Eine Geschichte über zerbrochene Unschuld, gesellschaftliche Verantwortung und die dringende
Notwendigkeit, das Schweigen zu brechen.
Jeden Tag werden in Deutschland 54 Kinder sexuell missbraucht. Sagt Bundesinnenministerin Nancy Faeser auf der Bundespressekonferenz im Juli 2024. In den vergangenen fünf Jahren allein haben sich die Missbrauchsfälle an Kindern und Jugendlichen verdreifacht. Sagt die BKA-Vizepräsidentin Martina Link auf eben jener Pressekonferenz.
Das sind aufs Jahr gerechnet mehr als 19.000 Kinder! In Deutschland!! Und das ist ehrlich gesagt nur die offizielle Statistik. Die Dunkelziffer, also die Fälle, die nicht an die Öffentlichkeit kommen, ist erheblich höher.
Die Zahlen klingen abstrakt. Man liest sie, denkt: wie schlimm. Und dann: Was gibt’s heute zum Abendessen? Dabei steckt hinter jeder einzelnen Zahl eine individuelle Leidensgeschichte, ein Mädchen, ein Junge. Man muss sich das bewusst machen: Wenn`s das eigene Kind wäre, wie fürchterlich wäre das?
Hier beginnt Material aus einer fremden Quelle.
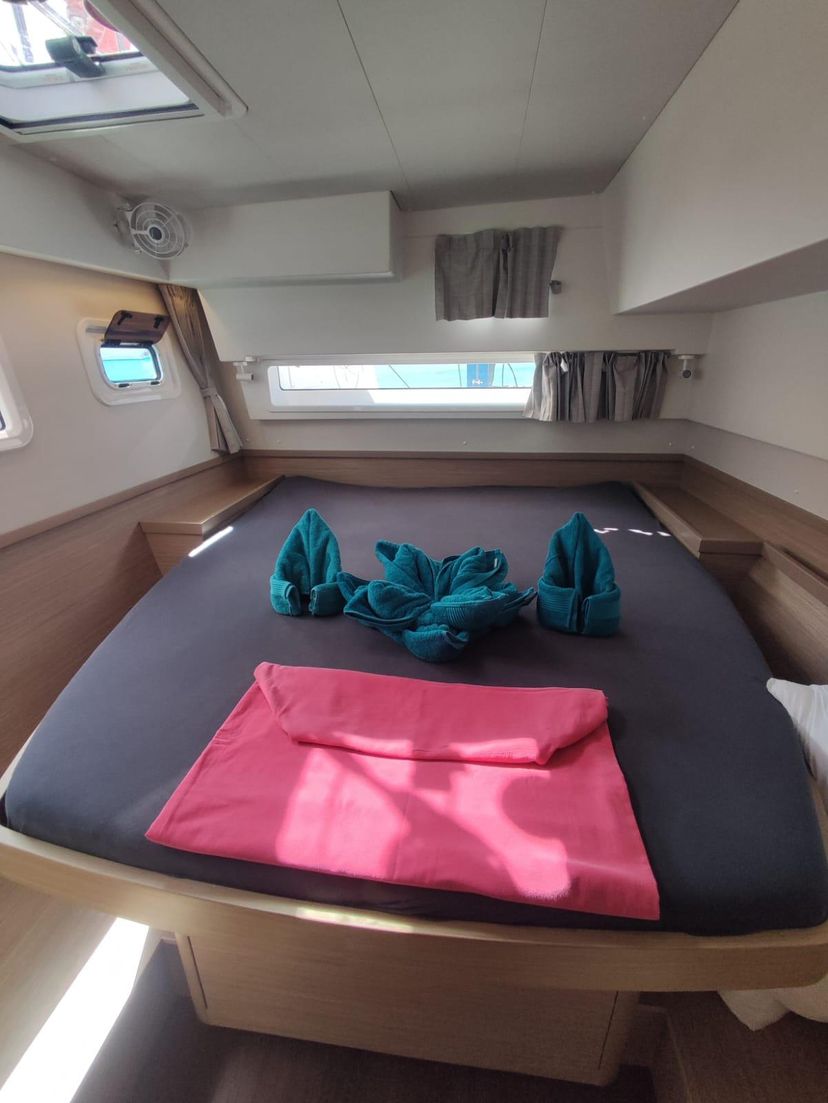 Lagoon 40 Unicorn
Aber bei uns passiert ja sowas nicht. Nicht in Landsberg, dieser schönen, wohlhabenden Stadt, nicht im Landkreis, hier ist doch die Welt noch in Ordnung. Nun ja, verdrängen konnten wir schon immer gut. „Sexueller Missbrauch findet vor allem dort statt, wo nicht über die Problematik gesprochen wird.“ Betont die Bundeszentrale für gesundheitliche Aufklärung in ihrem Ratgeber für Eltern.
Körperberührungen gehören zum Sport
Vor zwei Jahren wurde nun im Landkreis Landsberg ein Fall von Kindesmissbrauch bekannt. Zwei zwölfjährige Mädchen wurden von ihrem 20-jährigen Trainer sexuell bedrängt. Im Geräteraum der Turnhalle des VfL Kaufering kam es zum Übergriff. In der Lokalpresse ist von weiteren Mädchen und erzwungenen Nacktbildern die Rede. Der junge Mann gestand und wurde zu zwei Jahren Jugendstrafe auf Bewährung verurteilt. Er ist, so hört man, mittlerweile aus dem Landkreis weggezogen.
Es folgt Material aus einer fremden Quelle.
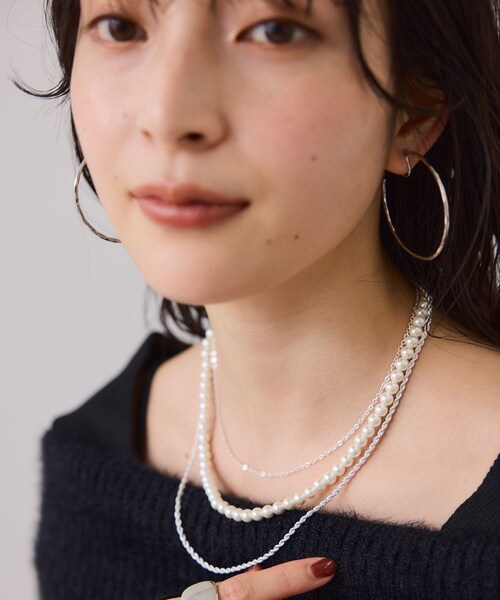 VIS（ビス）の「ガラスパール3連ネックレス（ネックレス・レディース・ゴールド/シルバー・F）」の8枚目の写真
Nun liegt es in der Natur der Sache, dass Sport immer körperlich ist. Man schwitzt, man kämpft, man rempelt, man umarmt sich beim Sieg, man zieht sich gemeinsam um und duscht vielleicht zusammen. Man könnte sagen: Körperberührungen gehören zum Sport.
Jutta Engl hat ihr Leben lang Sport gemacht – unter anderem Rock’n’Roll. Diesen akrobatischen, schnellen und körperlich herausfordernden Tanz. Noch heute tanzt sie gelegentlich Boogie Woogie, die nicht ganz so anstrengende, aber immer noch sportliche Tanzvariante. Man könnte sagen: Enger Körperkontakt im Sport ist ihr vertraut.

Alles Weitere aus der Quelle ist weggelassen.